§ **Task data**:
=======

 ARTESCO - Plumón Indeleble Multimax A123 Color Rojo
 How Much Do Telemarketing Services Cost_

=======

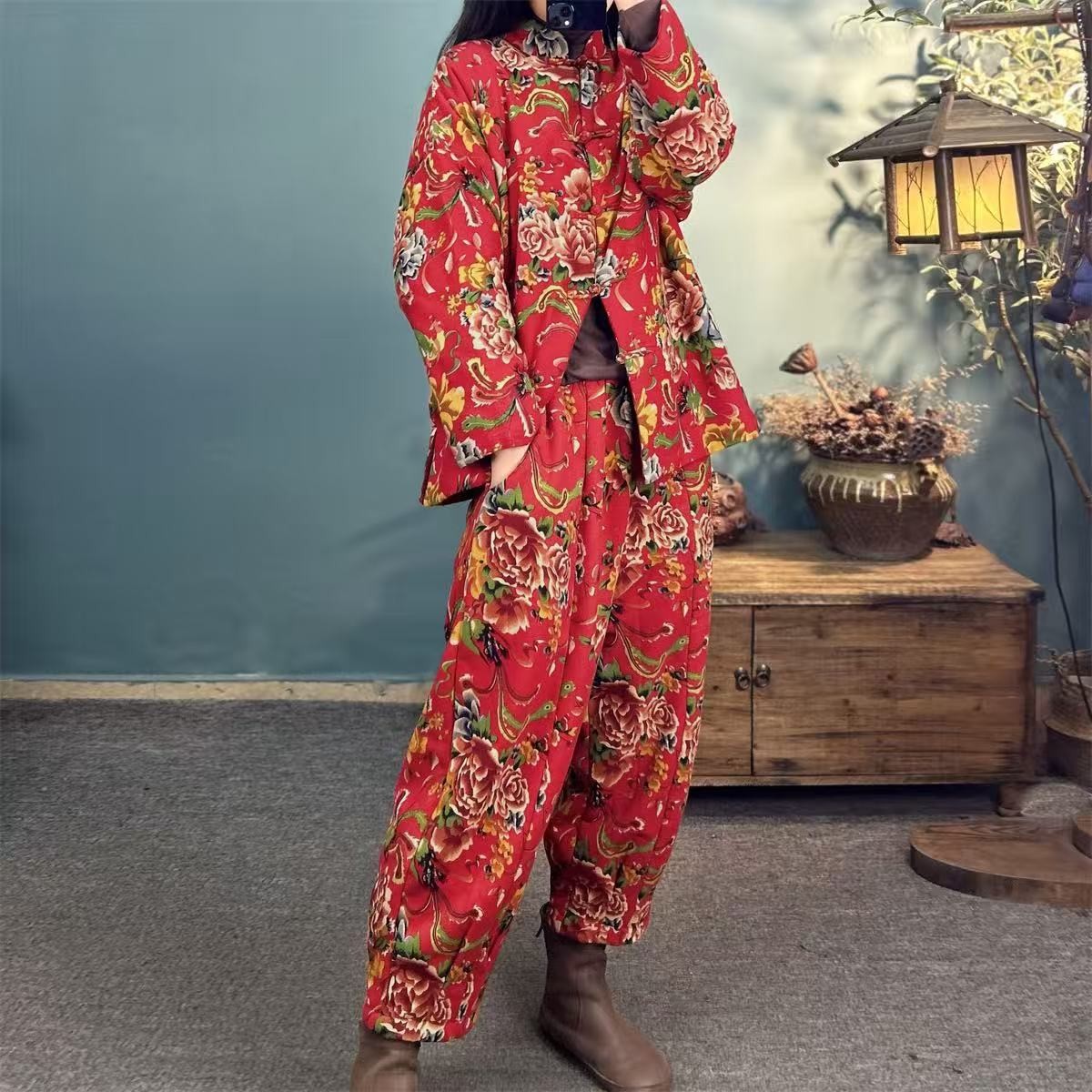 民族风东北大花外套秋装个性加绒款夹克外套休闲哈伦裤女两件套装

=======

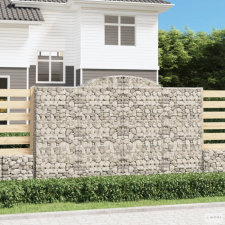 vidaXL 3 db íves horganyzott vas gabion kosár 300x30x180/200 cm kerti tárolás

=======

§ **About this exercise**: Copy out, exactly and alone, the lines of the entries above between the ones holding "ARTESCO - Plumón" and "How Much Do Telemarketing Services Cost_", inclusive.

§ **Reply**:
 ARTESCO - Plumón Indeleble Multimax A123 Color Rojo
 How Much Do Telemarketing Services Cost_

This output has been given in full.